Fiat Qubo (2009 – 2021) At A Glance


+Cheap and compact MPV with twin sliding side doors, practical with 2500 litre capacity, suitable for wheelchair conversion.

-Important to change engine oil every 12,000 miles/12 months (whichever comes first) to avoid timing chain problems, ride quality is far from brilliant, diesels are noisy.

The Fiat Qubo is one of the cheapest routes into MPV ownership and provides decent value, thanks to its frugal diesel engines and large interior. Its boxy shape is evidence of that fact it's based on a van, so it it somewhat unrefined and somewhat lacking in creature comforts.

That said it is a practical five-seater, with a high roof line and a huge 2500 litres of storage if need be. Getting the most from the interior is easy too, with the flexible seating system letting you fold the rear bench, move it forward or remove it altogether. 

Twin sliding doors are fitted as standard and the raised seating makes it easy to get in and out of. Equipment levels are sparse though - air conditioning isn’t fitted as standard - and the rear windows don't open fully either. Rear passengers might not like the ride either which can get quite bumpy as the Qubo’s tall body leans into corners and pitches under braking and acceleration.

The Qubo does redeem itself in town, with its 10.5 metre turning circle providing lots of manoeuvrability for tight turns and parking.

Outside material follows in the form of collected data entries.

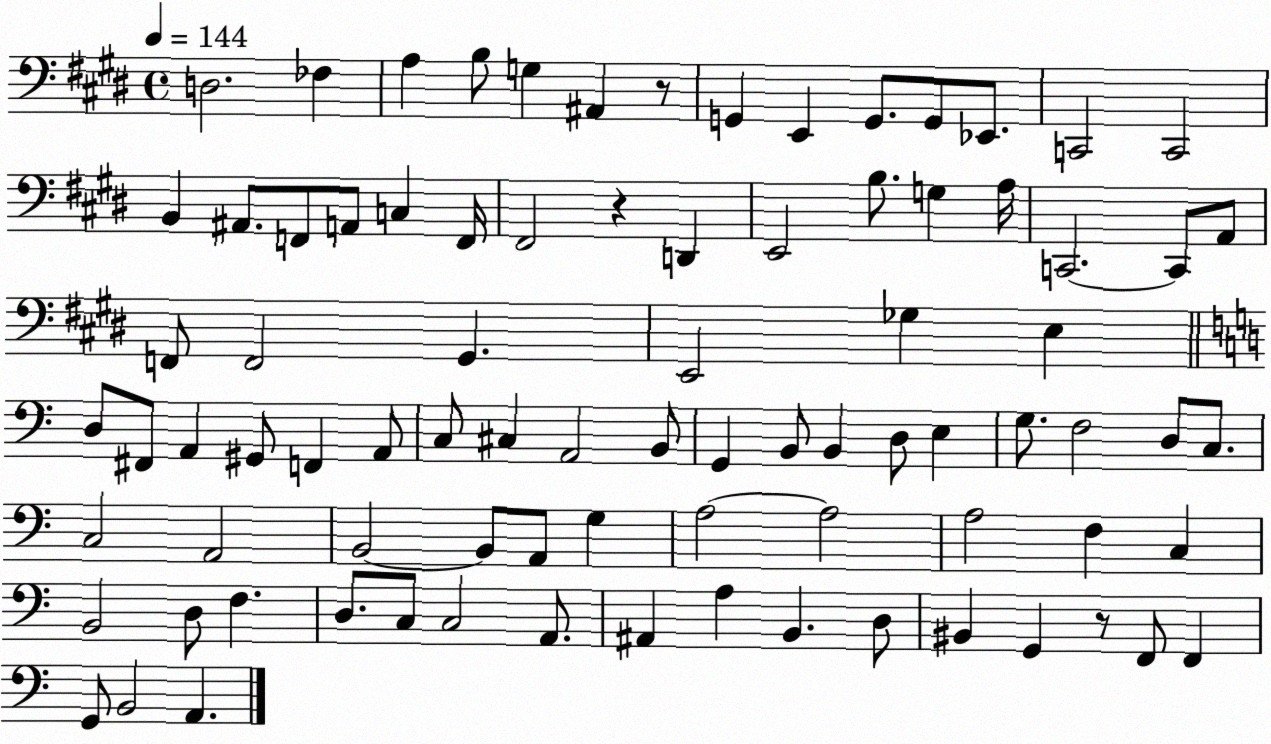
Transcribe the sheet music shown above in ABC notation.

X:1
T:Untitled
M:4/4
L:1/4
K:E
D,2 _F, A, B,/2 G, ^A,, z/2 G,, E,, G,,/2 G,,/2 _E,,/2 C,,2 C,,2 B,, ^A,,/2 F,,/2 A,,/2 C, F,,/4 ^F,,2 z D,, E,,2 B,/2 G, A,/4 C,,2 C,,/2 A,,/2 F,,/2 F,,2 ^G,, E,,2 _G, E, D,/2 ^F,,/2 A,, ^G,,/2 F,, A,,/2 C,/2 ^C, A,,2 B,,/2 G,, B,,/2 B,, D,/2 E, G,/2 F,2 D,/2 C,/2 C,2 A,,2 B,,2 B,,/2 A,,/2 G, A,2 A,2 A,2 F, C, B,,2 D,/2 F, D,/2 C,/2 C,2 A,,/2 ^A,, A, B,, D,/2 ^B,, G,, z/2 F,,/2 F,, G,,/2 B,,2 A,,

The sliding doors also come into their own, allowing the Qubo to be parked in tight spaces, without worrying about the side doors being banged against cars parked close by. 

There are two engines to choose from - a 1.4 petrol with 72PS and a 1.3 diesel, with either 80PS or 95PS. Both get a five-speed manual gearbox that provides short, positive gear changes while a good Dualogic automated manual is available as an option for the 80PS diesel.

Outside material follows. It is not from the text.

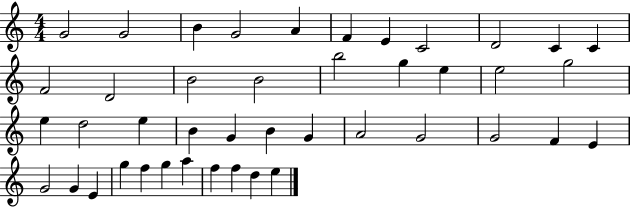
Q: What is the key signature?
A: C major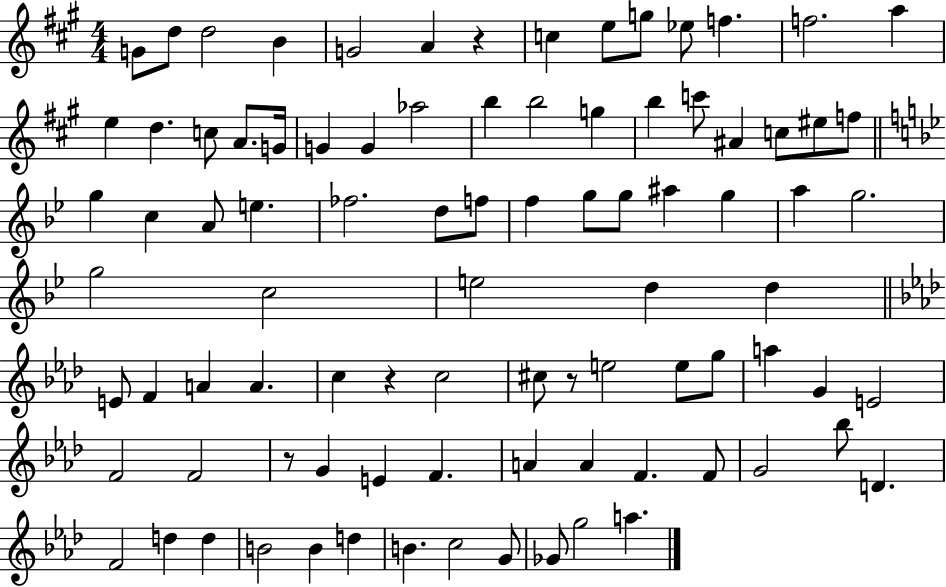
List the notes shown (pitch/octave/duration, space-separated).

G4/e D5/e D5/h B4/q G4/h A4/q R/q C5/q E5/e G5/e Eb5/e F5/q. F5/h. A5/q E5/q D5/q. C5/e A4/e. G4/s G4/q G4/q Ab5/h B5/q B5/h G5/q B5/q C6/e A#4/q C5/e EIS5/e F5/e G5/q C5/q A4/e E5/q. FES5/h. D5/e F5/e F5/q G5/e G5/e A#5/q G5/q A5/q G5/h. G5/h C5/h E5/h D5/q D5/q E4/e F4/q A4/q A4/q. C5/q R/q C5/h C#5/e R/e E5/h E5/e G5/e A5/q G4/q E4/h F4/h F4/h R/e G4/q E4/q F4/q. A4/q A4/q F4/q. F4/e G4/h Bb5/e D4/q. F4/h D5/q D5/q B4/h B4/q D5/q B4/q. C5/h G4/e Gb4/e G5/h A5/q.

The 1.4 petrol provides up to 40.9mpg and decent performance, although it's the 90PS four-cylinder diesel that provide the best balance, returning up to 70.6mpg and giving it a bit more oomph. Both the petrol and diesels are fine for motorway cruising, even if they're somewhat vocal above 50mph.  

Given its low price and even lower running costs, the Qubo is an affordable MPV with some likeable qualities. It will appeal to those who want a practical car with an upright driving position and easy access. The boxy nature also makes it a relatively straightforward proposition for a wheel chair conversion. 

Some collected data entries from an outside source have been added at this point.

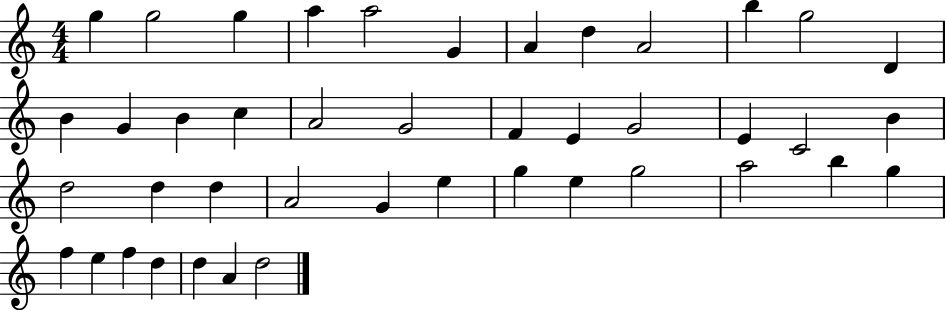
X:1
T:Untitled
M:4/4
L:1/4
K:C
g g2 g a a2 G A d A2 b g2 D B G B c A2 G2 F E G2 E C2 B d2 d d A2 G e g e g2 a2 b g f e f d d A d2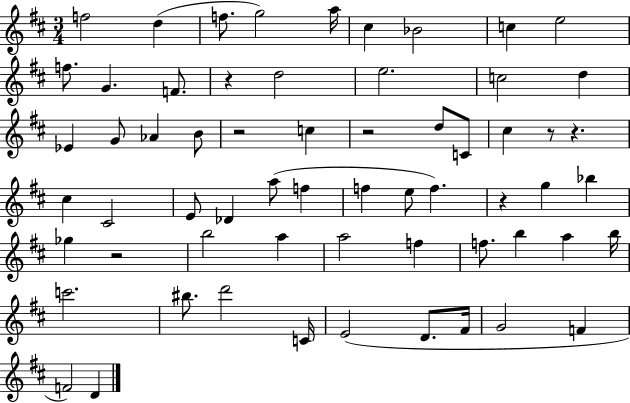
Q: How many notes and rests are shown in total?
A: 62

Fiat Qubo Multijet Dualogic 2009 Road Test

Ask Honest John

I'm looking for a car to transport my mum's mobility scooter - what do you recommend?

"I'm looking for a secondhand automatic car to transport my mum's mobility scooter. I would like a vehicle that has two additional seats in the back for passengers. Presumably, I would need a vehicle that will allow a hoist to be installed to accommodate a scooter that measures 40-inches by 22-inches or one with a ramp. Are you able to recommend a particular vehicle and which websites or companies to purchase from? I probably have about £4000-£5000 max budget. Any advice would be welcomed."
We'd recommend a van-based MPV: Depending on the size of the scooter, either a Fiat Qubo or Ford Tourneo Connect.
Answered by Dan Powell

What cheap petrol car can carry a moped in the back?

"I need a cheap to run petrol vehicle on a budget of £3000 which is suitable for the London ULEZ and also needs to carry a moped in the back. Rear seats are unimportant as they can be removed."
I'd recommend a van-based MPV. Something like the Fiat Qubo petrol should fit the bill, as the rear seats can be removed when not needed. Or a petrol version of the Citroen Berlingo Multispace.
Answered by Dan Powell

What's the best small van with five seats?

"Please could you advise on the best small used van to buy that has five seats? My maximum price is up to £7500."
The Fiat Qubo is a compact and affordable van with five seats. It's also available with petrol or diesel engines: The Ford Tourneo Connect will cost more to buy, but will provide lots more comfort and car-like refinement. The engines are quieter than the Fiat and you also get more kit as standard: If you want more something more work-focused (and less refined) then a five-seater crew cab version of the Transit Connect might be better:
Answered by Dan Powell

Is buying a used LPG van, or new that needs converted, a good idea for fuel economy?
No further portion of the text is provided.